The movie, therefore, provides some insight as to how these ideologies surrounding female sexuality in Chinese culture pertains to Chinese American culture, and also queer culture. If Chinese American women remain oppressed in terms of sexual expression, then Chinese American queer women are even more so oppressed in that their sexual expression is more of a taboo than that of simply the hetero female Only being liberated from the stigma of mental illness within the last fifteen years, the women undoubtedly feel the pressure that Chinese science and ideologies have placed on their sexual freedom. We can better understand the roots of sexual oppression within diasporic peoples when considering the traditions and socio-cultural influences placed upon them by their home country. As the culture unites the diasporic peoples in their new country, it ultimately binds them to these ideals, preventing them from rapid progression into what is considered the norm of the new country. Because of this, Wil and her mother felt the need to hide the truths behind their sexual natures, feeling the pressure from their Chinese community. These traditional ideologies can be seen to create a hindrance upon the sexual liberation of Chinese women even in the U.S.
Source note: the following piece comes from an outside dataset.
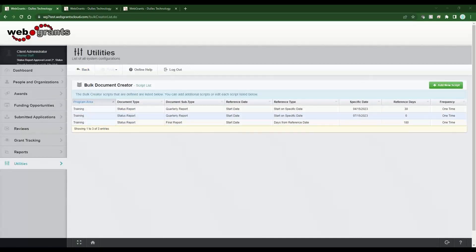Now I have three different scripts. Running these scripts is really easy — it's the easiest part — but test first. Do this in your test program area, make sure you've set it up how you need it and that it's working correctly, and then go in and do it for your real program area. If you did it incorrectly or didn't test properly, you have to individually fix each status report.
Evans, Harriet. “Defining Difference: The “Scientific” Construction of Sexuality and
Gender in the People’s Republic of China.” Signs. 20.2. 1995. 357- 394.
Friedman, Sara L. “Spoken Pleasures and Dangerous Desires: Sexuality, Marriage,
and the State in Rural Southeastern China.” East Asia: An International Quarterly. 18.4. 2000. 12-39.
Wu, Alice. Saving Face. Destination Films, Sony Pictures Classics. 2004
Yue, Audrey. “Queer Asian Cinema and Media Studies: From Hybridity to Critical
Regionality.” Cinema Journal. 53.2. 2014.